Who wouldn't want complete control of your own life and that of others? Who doesn't like to seek the praise and attention of others? Who wouldn't want an endless supply of money? These Satan has to offer, because he has temporal authority right now, over the things of the Earth. Fasting is an essential defense against Satan. He hates our fasting, especially for the sake of our growth in the Holy Spirit. Church law requires those between the ages of 18 and 59 to fast in between meals, and abstain from meat on Ash Wednesday and Good Friday. All Fridays during Lent require us to abstain form meat. And in the Catechism, it indicates that we abstain form meat on all of the other Fridays of the year, unless you perform and act of charity of mercy in its place. These acts include working at the soup kitchen, working in a place taking care of the poor like the Agape House, and other acts of mercy. Hardly ever, do I hear of Catholics keeping the latter discipline. Seek the Lord while He may be found. Call to Him while He is still near. Run to Him in times of trial and tribulation. And know that He waits for all of us to return fully to HIM.

Entrusting you to the care of Our Lady,
Fr. Mark

May we open our hearts to the poor and lovingly share our blessing with all of God's needy children.

February 5th, 2010 - 5th Sunday of Ordinary Time

My Dear People,

God speaks very powerfully through the flesh. When we look at Jesus' suffering upon the Holy Cross, we see just how much He loves us. In His flesh, Jesus was nailed to the Cross; and to our sins. Through His Holy Wounds, we are healed. As teacher and prophet, Jesus taught through the flesh. Every time Our Lord laid hands upon the blind, deaf, and dumb, they were healed. The crippled walked. The possessed were set free from demons. The blind were given sight. So at the beginning of Our Lord's ministry, we find Jesus reaching out to the flesh. One by one, He called the Apostles to come forth. In Luke's Gospel, we find Jesus reaching out to the flesh, in order to heal the spirit. When Peter is called by Christ, he deems himself unworthy.
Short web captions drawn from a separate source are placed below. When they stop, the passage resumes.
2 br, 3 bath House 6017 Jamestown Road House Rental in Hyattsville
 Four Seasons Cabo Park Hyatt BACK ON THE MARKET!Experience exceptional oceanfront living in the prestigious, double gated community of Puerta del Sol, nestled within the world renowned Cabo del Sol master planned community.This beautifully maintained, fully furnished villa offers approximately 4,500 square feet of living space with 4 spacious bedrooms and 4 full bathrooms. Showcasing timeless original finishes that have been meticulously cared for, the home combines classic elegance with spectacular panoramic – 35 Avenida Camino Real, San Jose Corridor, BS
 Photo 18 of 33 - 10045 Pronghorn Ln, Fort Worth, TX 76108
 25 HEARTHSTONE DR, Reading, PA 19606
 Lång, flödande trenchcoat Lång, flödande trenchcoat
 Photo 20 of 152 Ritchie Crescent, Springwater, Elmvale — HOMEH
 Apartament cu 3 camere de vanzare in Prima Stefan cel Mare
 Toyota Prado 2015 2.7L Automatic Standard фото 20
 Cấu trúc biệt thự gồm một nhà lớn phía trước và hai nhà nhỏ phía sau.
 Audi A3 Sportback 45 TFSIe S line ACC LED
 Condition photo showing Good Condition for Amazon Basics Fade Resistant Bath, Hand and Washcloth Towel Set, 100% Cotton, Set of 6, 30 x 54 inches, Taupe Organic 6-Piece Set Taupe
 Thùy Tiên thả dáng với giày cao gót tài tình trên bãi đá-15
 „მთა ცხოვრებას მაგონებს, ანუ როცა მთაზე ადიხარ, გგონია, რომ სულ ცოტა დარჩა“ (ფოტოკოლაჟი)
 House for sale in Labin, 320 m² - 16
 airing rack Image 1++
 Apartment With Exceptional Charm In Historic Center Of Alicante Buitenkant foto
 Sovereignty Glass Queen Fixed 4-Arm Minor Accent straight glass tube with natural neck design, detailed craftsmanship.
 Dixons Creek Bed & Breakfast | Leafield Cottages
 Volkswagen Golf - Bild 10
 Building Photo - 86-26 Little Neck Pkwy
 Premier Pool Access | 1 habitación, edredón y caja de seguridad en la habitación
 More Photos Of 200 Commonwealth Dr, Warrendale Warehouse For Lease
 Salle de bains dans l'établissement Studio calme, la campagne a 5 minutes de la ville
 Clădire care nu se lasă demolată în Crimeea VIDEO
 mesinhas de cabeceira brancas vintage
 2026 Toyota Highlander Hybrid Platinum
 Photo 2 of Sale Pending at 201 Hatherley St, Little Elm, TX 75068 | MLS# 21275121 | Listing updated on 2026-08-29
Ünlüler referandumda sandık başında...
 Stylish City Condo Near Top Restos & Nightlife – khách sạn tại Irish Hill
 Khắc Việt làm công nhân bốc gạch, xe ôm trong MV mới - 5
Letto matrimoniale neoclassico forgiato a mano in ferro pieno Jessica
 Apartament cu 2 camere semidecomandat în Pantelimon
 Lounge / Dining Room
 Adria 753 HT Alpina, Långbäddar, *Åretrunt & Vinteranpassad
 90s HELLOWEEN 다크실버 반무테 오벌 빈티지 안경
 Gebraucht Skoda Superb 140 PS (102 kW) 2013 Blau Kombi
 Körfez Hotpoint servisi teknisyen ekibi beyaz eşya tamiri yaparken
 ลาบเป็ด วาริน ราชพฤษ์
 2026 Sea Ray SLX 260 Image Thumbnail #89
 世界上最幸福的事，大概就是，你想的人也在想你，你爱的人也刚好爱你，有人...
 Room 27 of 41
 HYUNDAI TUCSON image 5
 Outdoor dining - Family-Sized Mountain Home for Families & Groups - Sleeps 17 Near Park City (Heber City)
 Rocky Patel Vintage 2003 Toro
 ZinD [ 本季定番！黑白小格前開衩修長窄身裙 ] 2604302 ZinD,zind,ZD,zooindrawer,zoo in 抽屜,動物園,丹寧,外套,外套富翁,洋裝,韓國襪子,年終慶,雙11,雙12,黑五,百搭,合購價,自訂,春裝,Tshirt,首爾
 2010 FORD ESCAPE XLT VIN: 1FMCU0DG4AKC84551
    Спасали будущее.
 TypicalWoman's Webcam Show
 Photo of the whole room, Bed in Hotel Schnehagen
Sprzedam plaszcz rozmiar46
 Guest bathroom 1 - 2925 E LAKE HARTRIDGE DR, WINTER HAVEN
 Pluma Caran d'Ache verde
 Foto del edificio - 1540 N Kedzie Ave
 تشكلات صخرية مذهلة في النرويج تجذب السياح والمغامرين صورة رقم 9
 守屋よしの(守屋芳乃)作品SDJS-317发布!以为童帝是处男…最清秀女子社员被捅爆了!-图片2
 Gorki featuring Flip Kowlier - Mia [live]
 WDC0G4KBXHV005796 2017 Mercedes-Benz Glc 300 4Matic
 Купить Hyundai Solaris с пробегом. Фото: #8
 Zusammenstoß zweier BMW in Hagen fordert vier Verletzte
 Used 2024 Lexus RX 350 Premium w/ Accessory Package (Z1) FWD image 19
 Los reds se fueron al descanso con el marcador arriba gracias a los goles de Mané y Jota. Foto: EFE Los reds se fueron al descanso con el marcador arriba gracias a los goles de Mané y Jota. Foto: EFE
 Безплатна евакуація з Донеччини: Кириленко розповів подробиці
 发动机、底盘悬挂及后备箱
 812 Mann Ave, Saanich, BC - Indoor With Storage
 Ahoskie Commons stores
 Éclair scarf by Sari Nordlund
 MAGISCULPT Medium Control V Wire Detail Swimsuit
Peter declares, "Depart from me, Lord, for I am a sinful man." Peter was aware of the sins of the flesh. He thought to himself, "How can I serve to forgive sin, when I am so full of sin myself?" It was to this sinful man, Peter, that Jesus called forth to seek the lost, Jesus tells Peter. "Do not be afraid, from now on you will be seeking out other sinful men." Sometimes, like Peter we feel unworthy to serve the Lord. Our shortcomings are not a problem for Jesus. Our lack of faith and trust in Jesus, is a problem. Without that faith, Jesus cannot work through us. Be like Peter. Confess your sins. Profess your faith in Jesus. And be ready to serve the Lord.

Entrusting you to the care of Our Lady,
Fr. Mark

May we eagerly respond. "Here I am, Lord." Whenever we hear God call upon us to be His hands and feet here on earth.